Cultured Diamonds: An Ethical Option

Cultured or synthetic diamonds are real diamonds that have been created in the lab instead of by geological processes. These man-made diamonds, are almost always ‘fancy coloured’ – most often yellow – but far less expensive than natural fancy coloured stones, and represent a great option for those seeking diamonds that are guaranteed to be conflict-free.


After the discovery in 1797 that diamonds were made from pure carbon, a number of scientists started trying to create them – a few with some limited success, though no reliable method was developed until the 1950s. Synthetic diamonds are now made in two main ways, HPHT (high pressure, high temperature) and CVD (chemical vapour deposition).

HPHT stones are made by subjecting carbon to extreme heat and pressure by means of a mechanical press and electrical current; CVD diamonds are ‘grown’ at much lower pressures by building up layers on a base surface from surrounding plasma. The control and flexibility inherent in this process lends it to industrial applications, such as coating machine components. However, both HPHT and CVD stones can be and are used as gemstones.

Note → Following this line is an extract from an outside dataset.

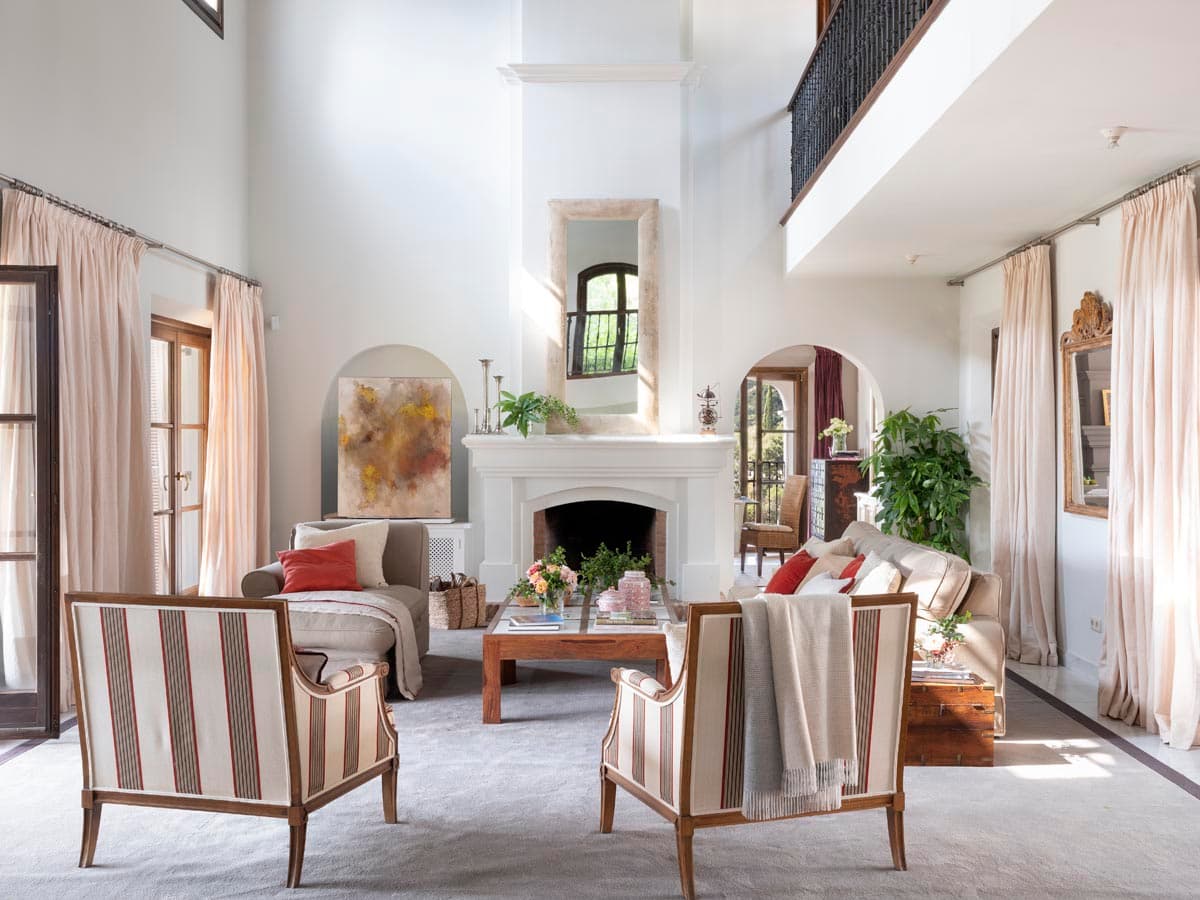 Gran salón de doble altura con cuatro sillones de rayas verticales en tela natural, un sofá gris y una chimenea flanqueada por un cuadro abstracto en ocres y rojos. El mármol del espejo sobre la repisa, los arcos de paso y el balcón superior de hierro forjado subrayan la grandiosidad del espacio.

They may be coloured, like natural stones, depending on the impurities present in the manufacturing process, and can be machined like mined diamonds. This has led to the creation of a new suite of technology aimed at distinguishing natural from synthetic stones.


Man-made diamonds may have better or worse properties than their natural counterparts, depending on various factors in their manufacture. They may, for example, be harder, or have better conductivity (of heat or electricity). As important is the method of manufacture: CVD is particularly useful for certain applications as it makes it possible to coat large surfaces with a thin film of diamond. Synthetic diamonds are often used in abrasives and cutting tools.

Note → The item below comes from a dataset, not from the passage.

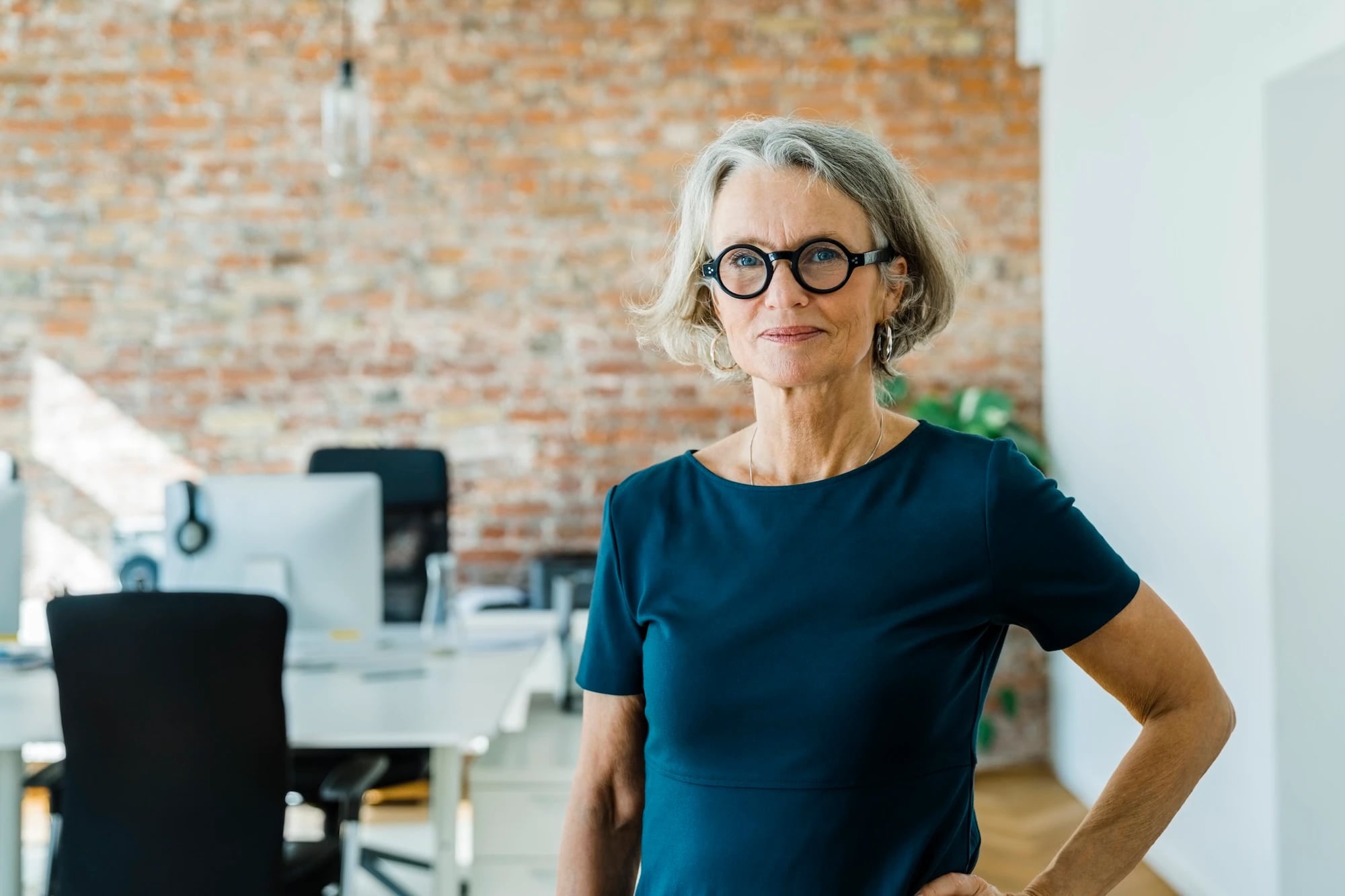 Grey-haired woman with glasses standing in office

Due to the nature of the technological processes involved, synthetic diamonds are usually fairly small. Theoretically, large diamonds could be grown and probably will be one day. For now, however, this is prohibitively expensive and the largest diamonds are still natural. De Beers has grown 25 carat stones, but most are no more than 1.5 carats. By contrast, the largest natural rough diamond was in excess of 3,000 carats, and the largest polished stone was more than 500 carats.